Pero, ¿se podría llamar paranoico si sus instintos estaban justificados y agudamente afinados?

En este aspecto, Kieran no era diferente a una bestia en la naturaleza, usando su instinto para guiar sus acciones.

Transcurrieron aproximadamente dos minutos después de la caída del más poderoso Gladiador Caído antes de que Kieran recibiera notificación del comienzo de la próxima ronda.

Pero a diferencia de las dos rondas anteriores, este mensaje esta vez fue sombrío.

〈Sistema: La tercera ronda de la «Prueba del Gladiador Inmemorial» ha comenzado.

Salvajes, despiadados y conducidos por la promesa de una victoria gratificante, el ejército de guerreros implacables agitará la pesadilla sangrienta.〉
—¿Ejército?

—Kieran frunció el ceño, sus labios hundiéndose en un ceño oscuro.

No se necesitaba ser un genio para entender el mensaje oculto, si es que lo estaba, en la alerta ante él.

Esta ronda involucraría literalmente a un ejército.

Pero aún más alarmante, dentro de ese ejército había algo que el sistema consideraba una amenaza.

De lo contrario, no se habría molestado en revelar este mensaje profético a Kieran.
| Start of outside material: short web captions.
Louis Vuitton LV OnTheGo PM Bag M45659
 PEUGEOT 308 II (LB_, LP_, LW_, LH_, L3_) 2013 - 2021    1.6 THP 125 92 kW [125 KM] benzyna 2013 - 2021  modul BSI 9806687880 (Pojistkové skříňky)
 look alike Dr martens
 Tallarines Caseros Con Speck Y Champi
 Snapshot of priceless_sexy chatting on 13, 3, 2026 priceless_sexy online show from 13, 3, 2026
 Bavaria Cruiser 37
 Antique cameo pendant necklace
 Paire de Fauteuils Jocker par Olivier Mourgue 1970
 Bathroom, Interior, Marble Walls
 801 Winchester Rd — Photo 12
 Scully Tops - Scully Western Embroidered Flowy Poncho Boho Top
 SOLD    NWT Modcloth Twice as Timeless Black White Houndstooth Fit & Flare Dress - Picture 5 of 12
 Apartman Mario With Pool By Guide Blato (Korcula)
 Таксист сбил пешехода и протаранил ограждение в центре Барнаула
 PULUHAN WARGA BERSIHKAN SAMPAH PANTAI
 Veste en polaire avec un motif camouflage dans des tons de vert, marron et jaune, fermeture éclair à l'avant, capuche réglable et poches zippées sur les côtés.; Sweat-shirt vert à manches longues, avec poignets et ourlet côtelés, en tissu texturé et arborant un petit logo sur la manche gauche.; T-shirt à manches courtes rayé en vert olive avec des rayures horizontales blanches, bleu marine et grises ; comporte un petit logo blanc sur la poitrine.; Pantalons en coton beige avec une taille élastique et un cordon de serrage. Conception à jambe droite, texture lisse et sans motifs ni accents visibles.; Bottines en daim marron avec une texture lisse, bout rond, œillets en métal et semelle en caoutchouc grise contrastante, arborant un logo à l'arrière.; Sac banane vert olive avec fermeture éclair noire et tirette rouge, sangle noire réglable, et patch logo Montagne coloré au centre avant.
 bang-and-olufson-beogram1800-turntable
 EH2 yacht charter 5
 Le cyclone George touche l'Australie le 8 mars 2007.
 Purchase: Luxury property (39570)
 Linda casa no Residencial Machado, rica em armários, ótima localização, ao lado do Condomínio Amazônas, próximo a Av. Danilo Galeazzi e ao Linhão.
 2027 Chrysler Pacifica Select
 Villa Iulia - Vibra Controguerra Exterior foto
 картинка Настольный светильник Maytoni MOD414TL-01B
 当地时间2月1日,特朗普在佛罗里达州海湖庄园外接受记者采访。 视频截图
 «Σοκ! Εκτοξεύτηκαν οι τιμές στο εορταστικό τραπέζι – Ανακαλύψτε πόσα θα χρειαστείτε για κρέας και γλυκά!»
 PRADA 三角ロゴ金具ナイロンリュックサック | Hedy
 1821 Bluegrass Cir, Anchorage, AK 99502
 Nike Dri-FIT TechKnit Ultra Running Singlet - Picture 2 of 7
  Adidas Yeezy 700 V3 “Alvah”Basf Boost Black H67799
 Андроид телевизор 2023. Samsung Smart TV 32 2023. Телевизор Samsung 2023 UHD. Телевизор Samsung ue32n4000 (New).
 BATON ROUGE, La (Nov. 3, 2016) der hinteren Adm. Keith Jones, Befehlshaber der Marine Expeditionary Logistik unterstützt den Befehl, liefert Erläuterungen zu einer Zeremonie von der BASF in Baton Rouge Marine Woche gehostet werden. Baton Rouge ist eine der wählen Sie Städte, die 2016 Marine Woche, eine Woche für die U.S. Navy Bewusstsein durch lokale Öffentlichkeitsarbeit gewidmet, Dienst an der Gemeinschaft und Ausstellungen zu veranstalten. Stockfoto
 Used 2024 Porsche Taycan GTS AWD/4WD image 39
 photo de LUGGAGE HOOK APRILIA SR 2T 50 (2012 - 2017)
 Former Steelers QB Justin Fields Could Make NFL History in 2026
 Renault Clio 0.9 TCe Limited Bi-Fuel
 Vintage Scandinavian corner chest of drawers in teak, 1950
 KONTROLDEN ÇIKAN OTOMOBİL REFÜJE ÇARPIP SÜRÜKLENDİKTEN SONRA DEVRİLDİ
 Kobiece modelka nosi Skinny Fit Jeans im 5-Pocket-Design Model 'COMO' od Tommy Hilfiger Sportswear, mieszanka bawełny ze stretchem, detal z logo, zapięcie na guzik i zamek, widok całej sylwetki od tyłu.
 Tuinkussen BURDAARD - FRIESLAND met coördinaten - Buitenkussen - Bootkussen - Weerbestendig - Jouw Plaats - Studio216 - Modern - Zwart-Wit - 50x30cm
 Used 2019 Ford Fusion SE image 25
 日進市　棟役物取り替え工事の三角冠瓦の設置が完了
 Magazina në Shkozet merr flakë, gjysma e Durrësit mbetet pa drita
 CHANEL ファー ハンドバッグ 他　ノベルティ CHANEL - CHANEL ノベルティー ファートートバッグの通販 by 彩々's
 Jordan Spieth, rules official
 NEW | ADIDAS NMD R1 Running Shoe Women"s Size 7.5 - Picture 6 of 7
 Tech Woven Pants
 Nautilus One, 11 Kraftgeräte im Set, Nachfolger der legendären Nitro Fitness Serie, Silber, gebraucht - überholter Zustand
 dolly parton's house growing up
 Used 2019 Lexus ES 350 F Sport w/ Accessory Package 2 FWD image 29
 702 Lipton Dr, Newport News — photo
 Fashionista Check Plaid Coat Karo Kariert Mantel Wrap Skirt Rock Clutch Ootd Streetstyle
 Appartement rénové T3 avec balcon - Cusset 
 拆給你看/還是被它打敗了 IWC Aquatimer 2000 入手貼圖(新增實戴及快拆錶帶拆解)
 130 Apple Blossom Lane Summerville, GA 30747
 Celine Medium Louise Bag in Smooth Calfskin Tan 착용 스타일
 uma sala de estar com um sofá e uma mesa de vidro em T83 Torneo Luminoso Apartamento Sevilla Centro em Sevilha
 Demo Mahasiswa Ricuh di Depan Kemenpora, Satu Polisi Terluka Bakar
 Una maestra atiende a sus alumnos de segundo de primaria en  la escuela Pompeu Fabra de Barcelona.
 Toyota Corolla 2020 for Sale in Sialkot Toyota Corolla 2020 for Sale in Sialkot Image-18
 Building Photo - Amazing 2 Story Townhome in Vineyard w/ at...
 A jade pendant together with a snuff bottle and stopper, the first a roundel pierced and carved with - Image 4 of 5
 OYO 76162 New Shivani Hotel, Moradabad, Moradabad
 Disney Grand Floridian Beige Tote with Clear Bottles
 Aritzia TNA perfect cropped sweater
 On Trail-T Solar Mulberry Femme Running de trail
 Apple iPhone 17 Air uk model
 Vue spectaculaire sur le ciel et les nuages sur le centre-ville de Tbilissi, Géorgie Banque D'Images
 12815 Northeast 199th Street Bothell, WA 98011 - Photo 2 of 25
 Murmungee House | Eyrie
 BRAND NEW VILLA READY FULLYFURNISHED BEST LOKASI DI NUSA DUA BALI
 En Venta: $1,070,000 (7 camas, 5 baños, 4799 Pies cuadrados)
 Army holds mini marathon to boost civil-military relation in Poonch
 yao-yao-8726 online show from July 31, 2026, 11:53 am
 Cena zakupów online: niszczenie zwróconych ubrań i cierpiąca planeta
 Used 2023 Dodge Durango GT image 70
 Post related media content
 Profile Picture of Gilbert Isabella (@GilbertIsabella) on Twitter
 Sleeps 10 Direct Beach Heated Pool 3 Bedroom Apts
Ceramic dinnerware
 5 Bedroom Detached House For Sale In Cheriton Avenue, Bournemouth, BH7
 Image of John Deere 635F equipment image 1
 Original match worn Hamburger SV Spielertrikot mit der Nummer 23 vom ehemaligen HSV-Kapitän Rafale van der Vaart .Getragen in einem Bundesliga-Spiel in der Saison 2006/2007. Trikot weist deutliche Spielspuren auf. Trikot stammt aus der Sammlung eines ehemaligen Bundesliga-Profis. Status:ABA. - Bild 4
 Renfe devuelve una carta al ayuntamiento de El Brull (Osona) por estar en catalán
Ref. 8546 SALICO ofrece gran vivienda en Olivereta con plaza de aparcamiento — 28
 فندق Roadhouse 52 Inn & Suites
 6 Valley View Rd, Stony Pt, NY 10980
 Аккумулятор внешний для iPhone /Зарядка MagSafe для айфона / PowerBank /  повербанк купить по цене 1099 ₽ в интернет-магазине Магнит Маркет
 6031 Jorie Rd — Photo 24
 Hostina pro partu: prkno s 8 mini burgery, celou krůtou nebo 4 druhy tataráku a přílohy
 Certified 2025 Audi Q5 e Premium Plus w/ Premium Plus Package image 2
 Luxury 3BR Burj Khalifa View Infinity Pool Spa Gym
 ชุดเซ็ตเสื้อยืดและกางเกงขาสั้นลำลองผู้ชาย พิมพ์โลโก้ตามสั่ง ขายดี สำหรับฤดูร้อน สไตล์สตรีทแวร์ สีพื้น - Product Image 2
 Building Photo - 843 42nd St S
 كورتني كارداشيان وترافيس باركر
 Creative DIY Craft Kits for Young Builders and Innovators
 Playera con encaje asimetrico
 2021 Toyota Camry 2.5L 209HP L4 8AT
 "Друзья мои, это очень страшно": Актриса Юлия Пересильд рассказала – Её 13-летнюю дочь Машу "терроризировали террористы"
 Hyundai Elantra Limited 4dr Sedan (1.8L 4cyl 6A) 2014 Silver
Uno que impartía información vaga y algo críptica.

Innumerables veces el número anterior de disturbios aparecieron a lo largo de la Fantasmagoría de Guerra, derribando varios montículos profundamente dañados que sobresalían de la cadena rocosa.

A diferencia de antes, los Gladiadores Caídos ahora empuñaban armas desde el principio.

Nacieron listos para la batalla.

Afortunadamente, Kieran no había sido lo suficientemente insensato como para descartar su Manía de Sangre o la Incrustación de Sangre Vampírica.

Sin embargo, este pensamiento no le importaba tanto a Kieran como creía.

Estaba demasiado enfocado en otro desarrollo desafortunado que probablemente llevaría a su gran infortunio.

El número de poderosos Gladiadores Caídos presentes había aumentado a diez, cada uno con el mismo distintivo y vibrante azul marino de rencor ardiente en sus ojos.

Los Gladiadores Caídos menores también habían aumentado a aproximadamente 90 en número.

Kieran estaba demasiado ocupado para confirmarlo con un recuento paciente.

A lo lejos, la mirada de Kieran se posó en un Gladiador Caído delgado y singular que llevaba un tipo diferente de armadura.

Completo con una coraza desgarrada que revelaba venas de sangre brillante fluyendo a través de ella, la parte superior estaba conectada a espaldares grabados para resaltar una fisionomía superior estelar.

Kieran bajó la mirada.

Grebas y escarpes delineaban un cuerpo inferior poderoso tan delgado que estaba claramente puesto para mantener un impresionante grado de maniobrabilidad.

Drapeada sobre sus hombros había una capa carmesí con el arcaico emblema del Consejo de la Deidad de la Guerra bordado en el centro.

Atisbar este detalle solo fue posible debido a que la capa se retorcía y soplaba hacia un lado.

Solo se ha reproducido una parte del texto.